Refleksi dari Acara Pisah Sambut Pendeta Runggun GBKP: Suatu Evaluasi Teologis dan Strategis

 

Pendahuluan

Acara pisah sambut pendeta di GBKP Runggun Graha Harapan pada hari Minggu, 14 September 2025, berlangsung dengan penuh sukacita. Panitia merancang acara tersebut sedemikian rupa sehingga setiap sektor PJJ dan kategorial tingkat runggun dapat menyampaikan kata perpisahan kepada Pdt. Erlikasna br. Purba MTh sekaligus menyambut pendeta baru Pdt Walden Masmur Ginting Munte MTh. Hampir semua sektor memberikan cenderamata sebagai bentuk apresiasi. Momen tersebut juga dipenuhi suasana kekeluargaan dengan dokumentasi foto bersama, yang kini menjadi ciri khas budaya digital jemaat.

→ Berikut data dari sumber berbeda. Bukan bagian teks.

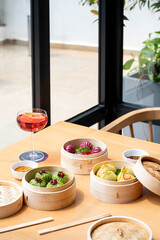 Wild mushroom dim sum, Cantonese prawn dumpling, and crystal vegetable dumpling served with dipping sauces and chopsticks, paired with a red cocktail on a restaurant table.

Namun, di balik kemeriahan itu, muncul pertanyaan reflektif: Bagaimanakah ukuran keberhasilan pelayanan seorang pendeta selama lima tahun di satu runggun? Pertanyaan ini penting karena menyentuh inti dari pelayanan pastoral, yakni dampaknya terhadap pertumbuhan teologi dan spiritualitas jemaat.

 


Substansi: Ukuran Keberhasilan Pelayanan

Keberhasilan pelayanan seorang pendeta tidak cukup hanya dilihat dari banyaknya acara, pembangunan fisik, atau administrasi gereja yang rapi. Ukuran paling utama adalah adanya peningkatan dalam pemahaman teologi dan pendalaman spiritualitas jemaat (Bosch, 1991). Seorang pendeta, ketika pertama kali melayani sebuah runggun, perlu segera:

1. Membaca konteks jemaat – memetakan kondisi sosial, spiritual, dan budaya.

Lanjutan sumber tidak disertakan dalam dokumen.